**Work required**
Pictures appear among the records below and must be omitted. Repeat exactly the lines from the line with "The first thing" to the line with "From here we", both included.

-- Material for the task follows --

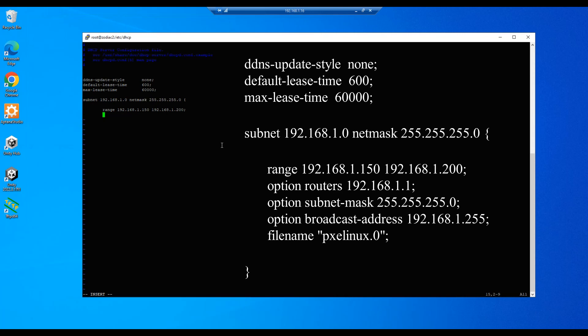So let's go ahead and do our next entry which is router information. Option routers, and in my case it would be 1.1, semicolon, enter, tab. And then we'll enter the subnet-mask, and that will be .0, so 255.255.255.0, and then the semicolon, enter, tab.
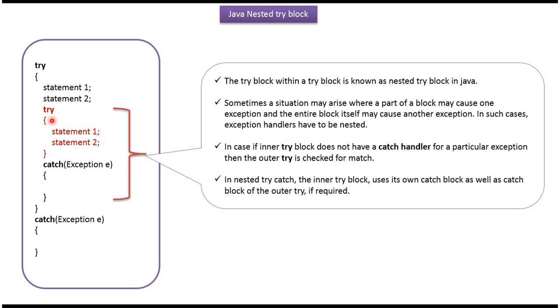In this case, this is inner or nested try-block and this is outer try-block. In case if inner try-block does not have a catch handler for a particular exception, then the outer try is checked for match.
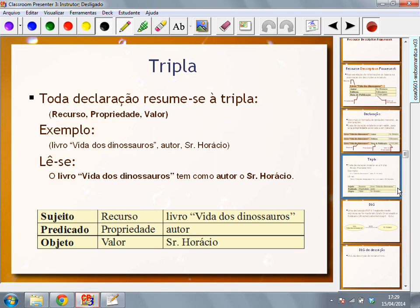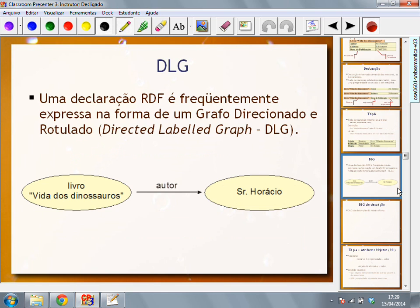We can also say that the resource is the subject of the description, the property is the predicate, and the value is the object of the description. We read the triple as: for example, if we have the triple 'book Life of Dinosaurs, author Horus,' we read that as: the author of 'Life of Dinosaurs' is Mr. Horus. And why is RDF a graph? Because the triple becomes a graph in which the first member is the resource — a node — the second is a directed edge towards the value, and the third one is the value.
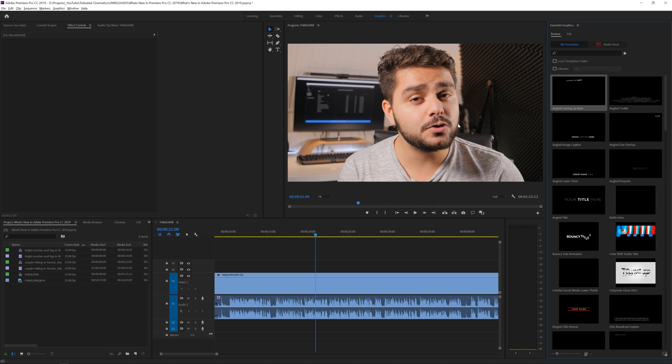That's it for the updates in Premiere Pro CC 2019. Let me know what your favorite update was from this release. I hope you enjoyed the video — if you did, give it a like, subscribe to the channel, and hit the notification bell so you get notified when I upload new videos.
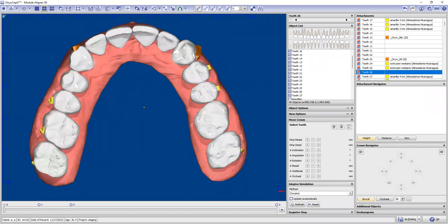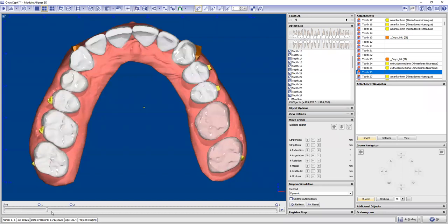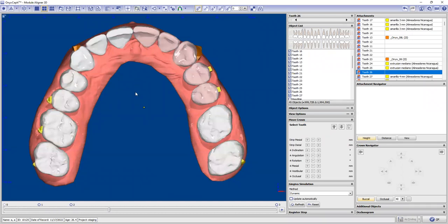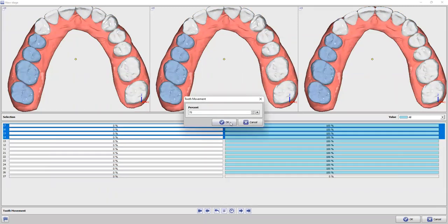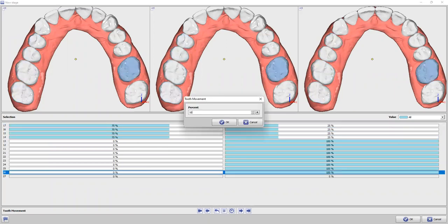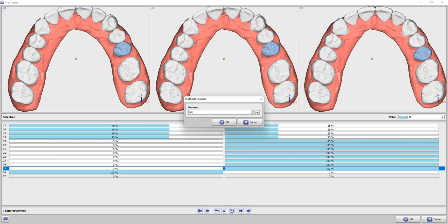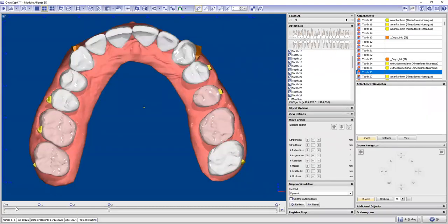Now you can see we have 25% of this tooth's movement and 50% on this side. On the second stage, you will have 50% of this movement, 50% of this one, and 100% of the second molar. You can see in the timeline it goes perfectly. So what you have to do next is the same thing until you finish your staging. We'll do it a little faster - select everything, click zero, tell this tooth to go 75%, tell this to go 100% since we already finished with the second molar, and tell this to go 50%.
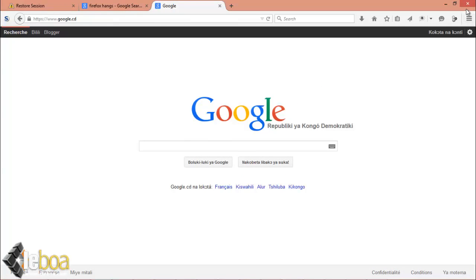Just close and reopen your Firefox and see if you still have the same problem. I hope it's going to help you. If it does, please leave a comment. See you next time. Bye.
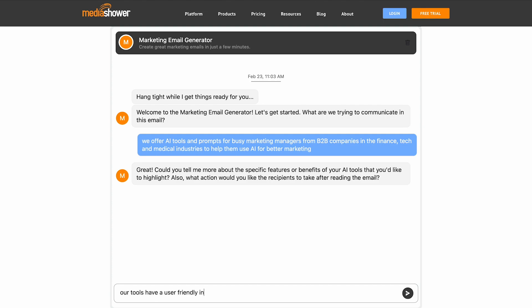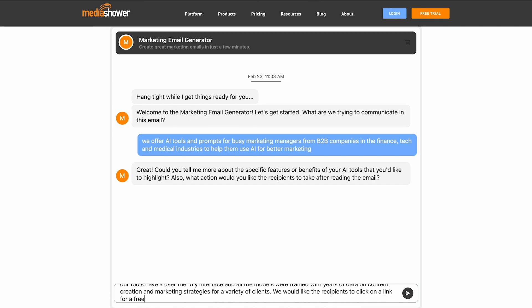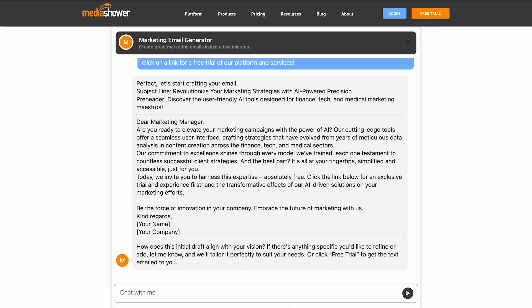It's like working with a team of brilliant marketing copywriters sitting right next to you. Our AI assistants are custom built for marketers, so the more information you give it about your company, your product, your service, the better the marketing email you're going to get.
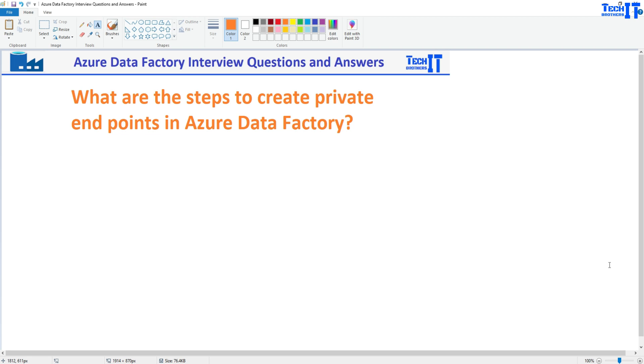Welcome to Tech Brothers with Dahmer. In this video, we are going to answer this question: What are the steps to create private endpoint in Azure Data Factory?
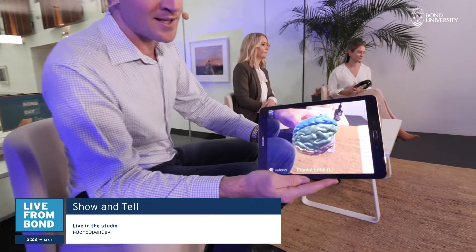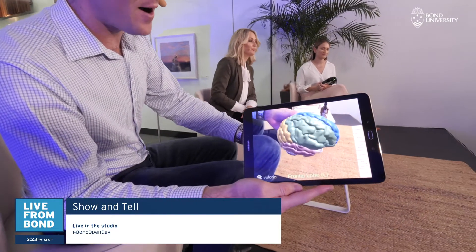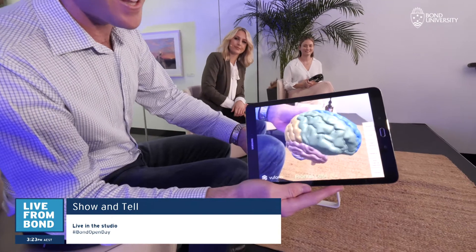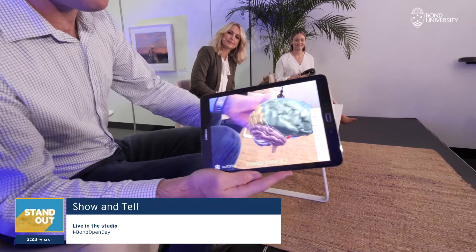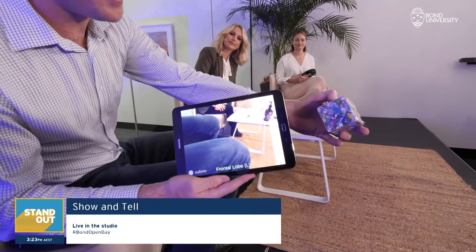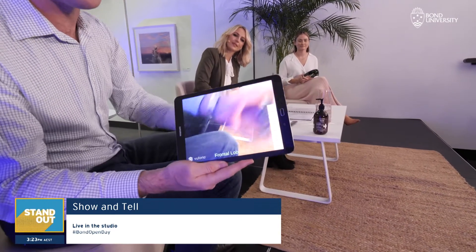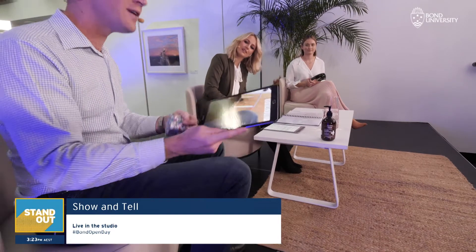So augmented reality versus virtual reality — what's the difference? I've got an example here of augmented reality. We'll turn to this camera here, and I'll show you an example. Here's the brain, as you can see there — I can move it around. It's simply a marker which I'm holding that becomes a brain or a heart or anything we like.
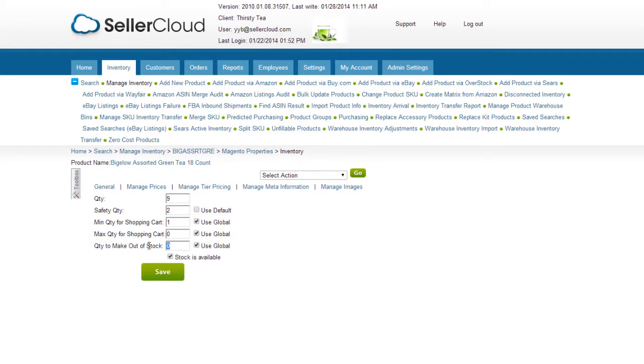When a value is entered into this field, the product will be considered out of stock when the inventory level is at that value. The Stock is Available checkbox is enabled by default and must remain enabled for the product to display on the front end of your Magento website.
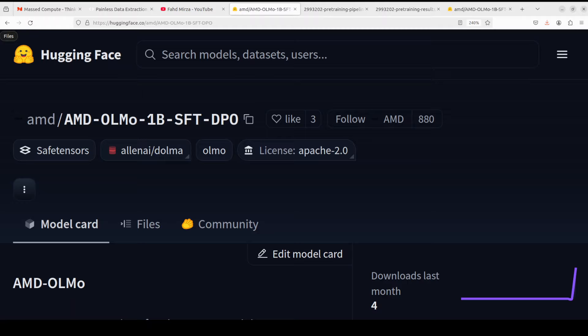Hi everyone, welcome to the channel. This is Fahad Mirza, and I'm so glad to see AMD waking up at last and releasing few things which really matter. This time they have come up with a fully open source 1 billion model called AMD OLMo.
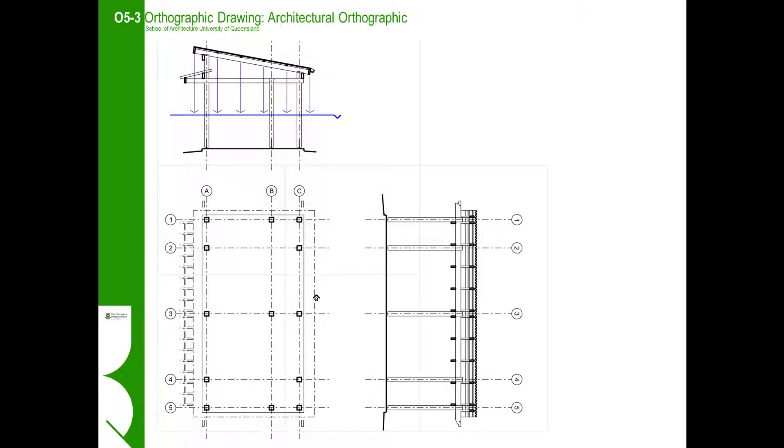A reflected ceiling plan is an unusual projection in that we are trying to view the ceiling plan without rotating or flipping the building. For a reflected ceiling plan, we start with our floor plan and then project the ceiling detail down onto that plan. It is like the floor is a giant mirror.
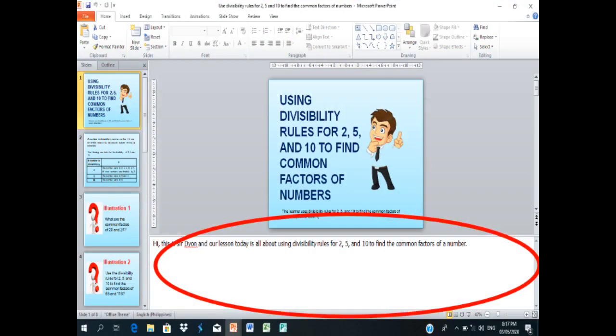The first thing that you should do is to prepare the lessons in a PowerPoint. Then, write the instructions, the discussions, and the explanations about the information on the slide in the encircled area. This is what they call the talking points. When done with the lesson, save your work to be uploaded later on Video Puppet.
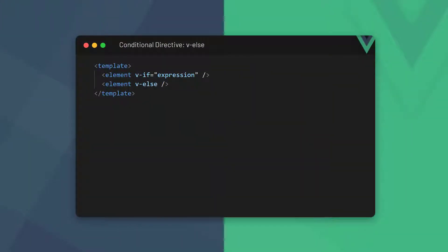The v-else directive is a catch-all fallback for any expressions that aren't covered by v-if or v-else-if. It doesn't have a value and can't stand on its own. It must follow a v-if directive or a v-else-if ladder.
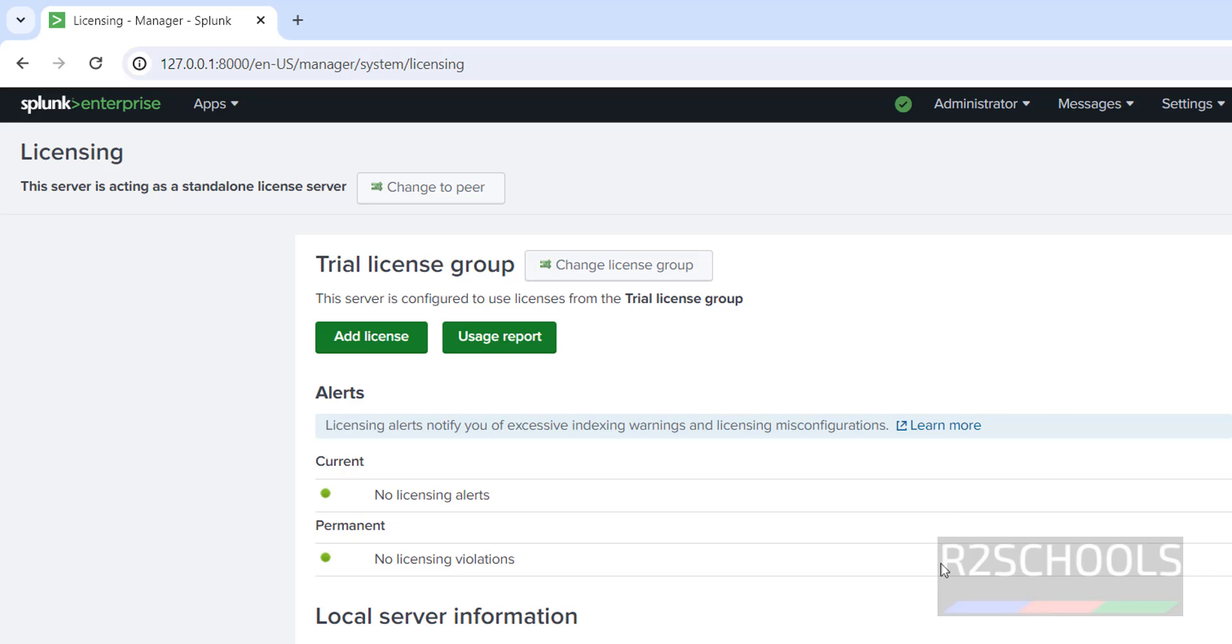So in this video we have seen how to download and install Splunk Enterprise Edition, that is 9.2 on Windows operating system. The process is the same for all Windows 10, 11, and 2016, 19, and 22 servers. For more Splunk videos, please subscribe my channel. Thank you.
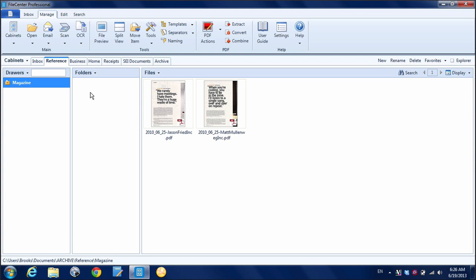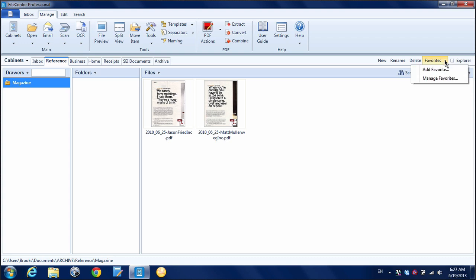So what File Center has done is they've created this functionality called favorites that you can find up here in any window. And so here I am in my magazine drawer of my reference cabinet. And let's say I want to be able to access this quickly on a regular basis. I just go up here to Favorites and hit Add Favorite.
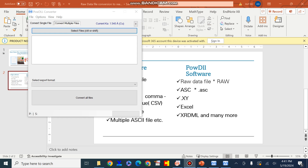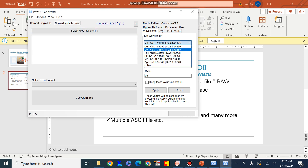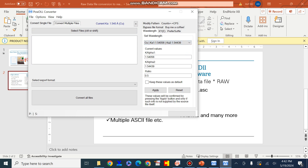From here we can see that with the help of this PowDLL software we can convert a single file or multiple files at once. The copper K-alpha radiation source used for XRD raw data has a wavelength of 1.54 Å, but you can change this wavelength as per the machine, since raw data obtained from different machines may use different copper K-alpha radiation wavelengths or sources.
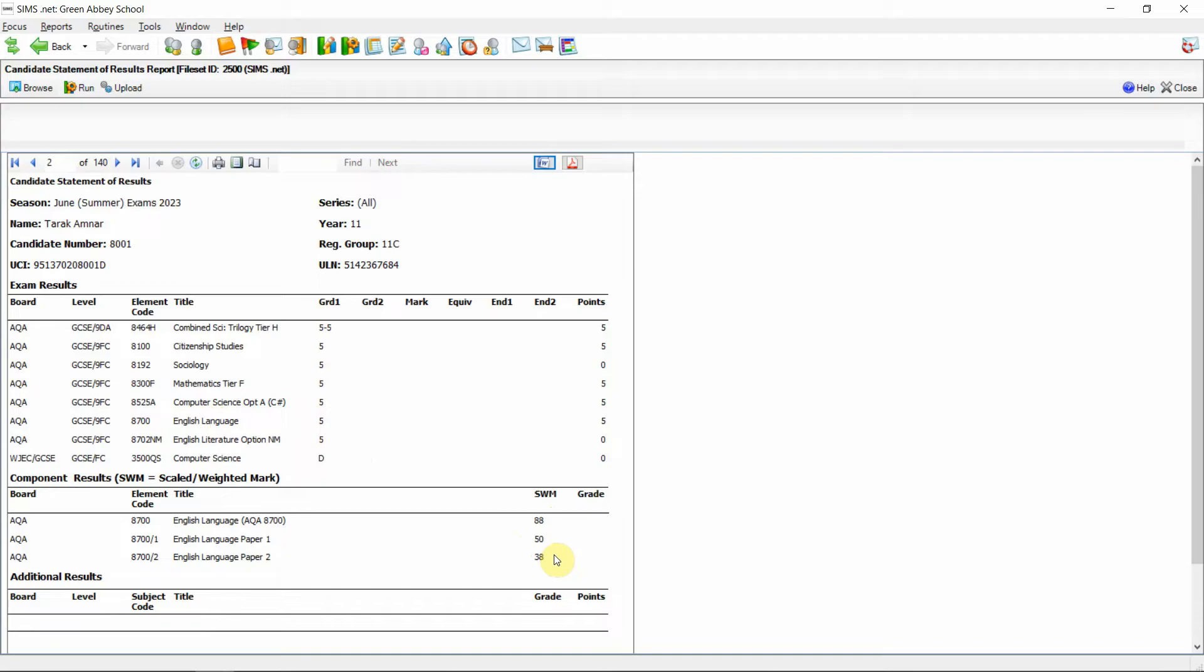This will give schools the opportunity to run the candidate statement of results report with either the top level results and equivalents or to incorporate the new component results that have been introduced last summer onto the report as well.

-- Material for the task concluded --

**Answer for this exercise**
The first thing that you should do is to prepare the lessons in a PowerPoint. Then, write the instructions, the discussions, and the explanations about the information on the slide in the encircled area. This is what they call the talking points. When done with the lesson, save your work to be uploaded later on Video Puppet.
The v-else directive is a catch-all fallback for any expressions that aren't covered by v-if or v-else-if. It doesn't have a value and can't stand on its own. It must follow a v-if directive or a v-else-if ladder.
So in this video we have seen how to download and install Splunk Enterprise Edition, that is 9.2 on Windows operating system. The process is the same for all Windows 10, 11, and 2016, 19, and 22 servers. For more Splunk videos, please subscribe my channel. Thank you.
So what File Center has done is they've created this functionality called favorites that you can find up here in any window. And so here I am in my magazine drawer of my reference cabinet. And let's say I want to be able to access this quickly on a regular basis. I just go up here to Favorites and hit Add Favorite.
From here we can see that with the help of this PowDLL software we can convert a single file or multiple files at once. The copper K-alpha radiation source used for XRD raw data has a wavelength of 1.54 Å, but you can change this wavelength as per the machine, since raw data obtained from different machines may use different copper K-alpha radiation wavelengths or sources.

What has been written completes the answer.